Part C: Planning the Global Experiment | Cell-Free Master Mix Design

  1. Given the 6 fluorescent proteins we used for our collaborative painting, identify and explain at least one biophysical or functional property of each protein that affects expression or readout in cell-free systems. (Hint: options include maturation time, acid sensitivity, folding, oxygen dependence, etc) (1-2 sentences each)
  • sfGFP (Superfolder GFP): Known for its extremely fast folding and high stability; it is the “gold standard” for cell-free systems because it folds correctly even when fusion tags are attached.

  • mRFP1 (monomeric Red Fluorescent Protein): While a classic red marker, it is known for having a relatively slow maturation time and lower brightness compared to newer red variants like mScarlet.

  • mKO2 (monomeric Kusabira Orange 2): A bright orange protein that is highly pH-stable but can be sensitive to oxygen levels for proper chromophore maturation.

  • mTurquoise2: An exceptionally bright cyan protein with a high quantum yield and high photostability, though it requires specific filter sets for accurate readout.

  • mScarlet-I: One of the brightest red fluorescent proteins available; its main advantage in cell-free systems is its high brightness and faster maturation compared to mRFP1.

  • Electra2: A newer generation protein designed for high-level expression; it is often optimized for minimal metabolic burden on the cell-free machinery.

  1. Create a hypothesis for how adjusting one or more reagents in the cell-free mastermix could improve a specific biophysical or functional property you identified above, in order to maximize fluorescence over a 36-hour incubation.
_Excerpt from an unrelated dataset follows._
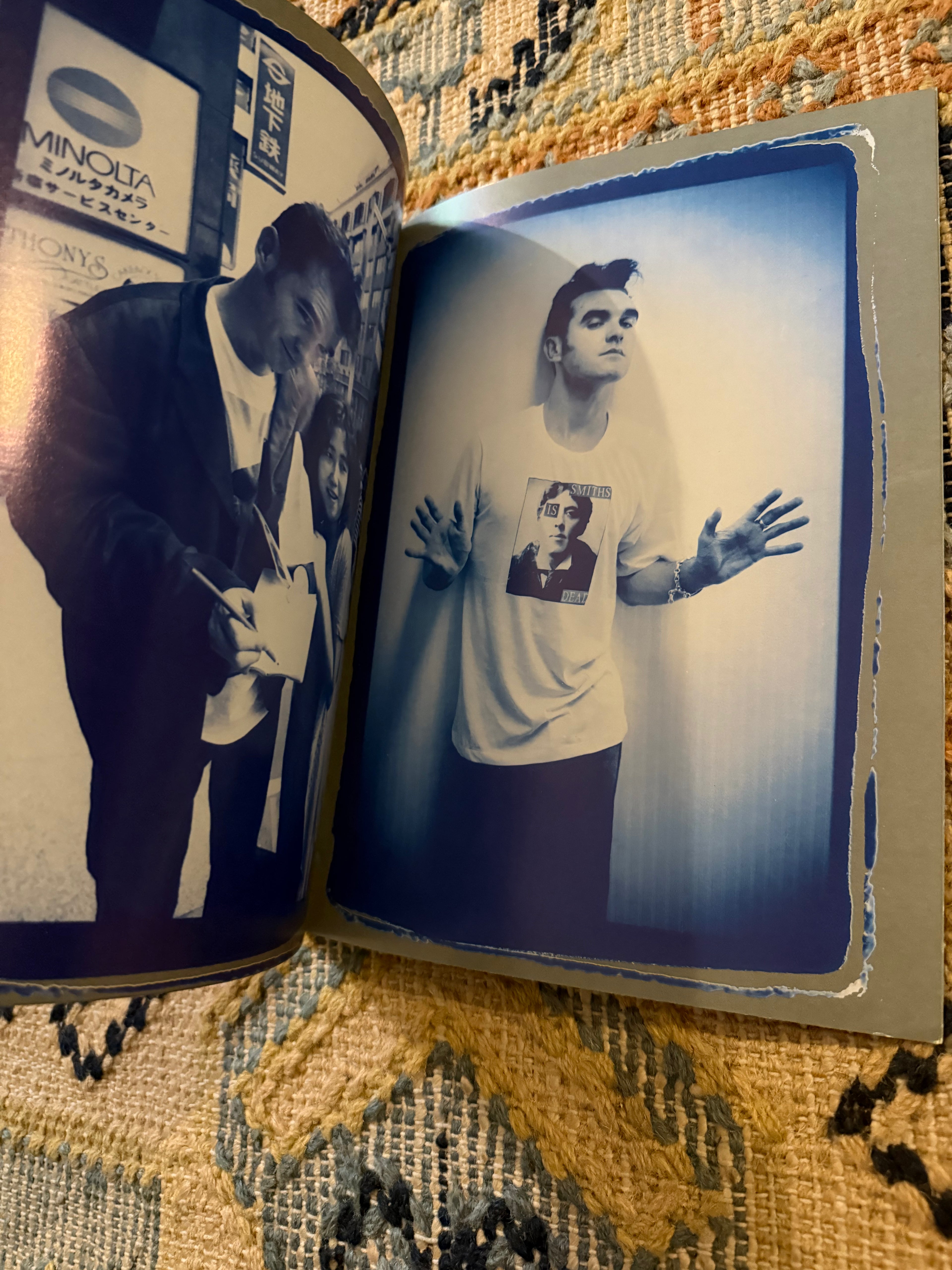 Morrissey - Kill Uncle Tour Programme Harvey Keitel Cover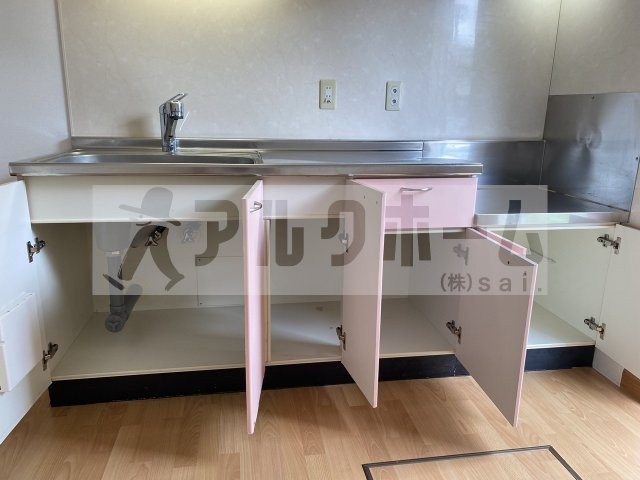 南小阪合ハイツのキッチン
Clearly state the protein, the reagent(s), and the expected effect.
  • Protein: mScarlet-I

  • Reagent Adjustment: Increase the concentration of the 17 amino acid mix and magnesium glutamate.

  • Expected Effect: Since mScarlet-I is a highly bright and “demanding” protein, increasing the amino acid supply will ensure that translation doesn’t stall during the long 36-hour incubation. Boosting Magnesium will further stabilize the ribosomes for this extended run, ideally resulting in a steeper fluorescence curve and a higher final signal-to-noise ratio.

  1. The second phase of this lab will be to define the precise reagent concentrations for your cell-free experiment. You will be assigned artwork wells with specific fluorescent proteins and receive an email with instructions this week (by April 24). You can begin composing master mix compositions here.

For my custom 2 $\mu$L supplement in the 20 $\mu$L reaction, I plan to focus on molecular crowding agents (like PEG) or additional energy boosters (like extra Glucose) to see if we can sustain the reaction beyond the typical 20-hour window.